Mais do
que glamour, quando Nina Kotova abandonou
as passerelles levou para os palcos
do Wigmore Hall, Carnegie Hall, Concertgebouw ou Town Hall aquela máscara de impassibilidade
com que a haviam disfarçado em desfiles de moda. Um artigo de 2000 no “The Telegraph”,
por exemplo, concluía que, para “comunicar musicalmente”, ela teria de perder a
“pele de manequim”. Isto, porque se lhe apontava uma certa relutância em
dirigir para o exterior a sua atenção e as suas emoções. “Até em termos físicos
se contém”, escrevia o repórter. Era um período em que, como veio mais tarde a revelar,
não se podia “abrir com ninguém, nem tampouco mostrar o que [lhe] ia na alma
russa”. Foi penalizante, tanta coibição. Criticando um concerto seu, uma colaboradora
do “The Independent” socorria-se do livro de Eclesiastes para determinar que,
nela, “tudo é vaidade”: “[Kotova tocou] De olhos postos na pauta, lendo mais do
que interpretando, sem rasgos de imaginação, tecnicamente exata, artisticamente
morta.”
Vinte anos depois, não se pode afirmar que traga ao de cima o mais
moralista em todos quanto consigo se cruzam. Quiçá porque, com o passar do
tempo, lendo entrevistas em que confessava ter crescido “fechada entre quatro
paredes, ensaiando, estudando no conservatório e tocando em recitais”, se
percebia que, na transição do palco para as passerelles,
e vice-versa, tinha trocado uma prisão por outra.
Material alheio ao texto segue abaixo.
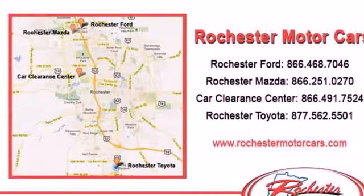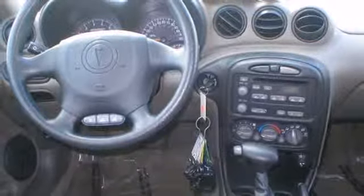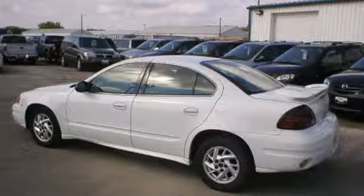The sporty Grand M is a grand value with its crisp handling, superb performance, wide array of standard features, and the renowned Pontiac engineering and reliability. Come see for yourself today.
Do mesmo modo, quando declarava
ao “New York Post” que “voltar à música é como regressar a um lar”, entendia-se
que falava menos de residências do que de sentimentos. E quando jurava à
professora e pianista Frances Wilson que seguia a máxima com que Tolstói situava
a ação num presente absoluto, parecia querer dizer o inverso: que o passado
vive sempre connosco, que se pode mudar de casa sem mudar de condição, que há
caminhos que nunca têm fim. É no que se pensa ao escutar-se este par de sonatas
para violoncelo e piano de dois conterrâneos seus, cada qual, à sua maneira, a
tentar fugir ao cárcere: Rachmaninoff, em 1900, das garras da depressão;
Prokofiev, em 1949, dos efeitos da zhdanovshchina. Kotova pode desperdiçar mais uma oportunidade de
se reinventar e manter estampada no rosto alguma inescrutabilidade eslava. Já não
importa. Pela primeira vez em disco, ao ouvi-la, sabe-se de onde vem.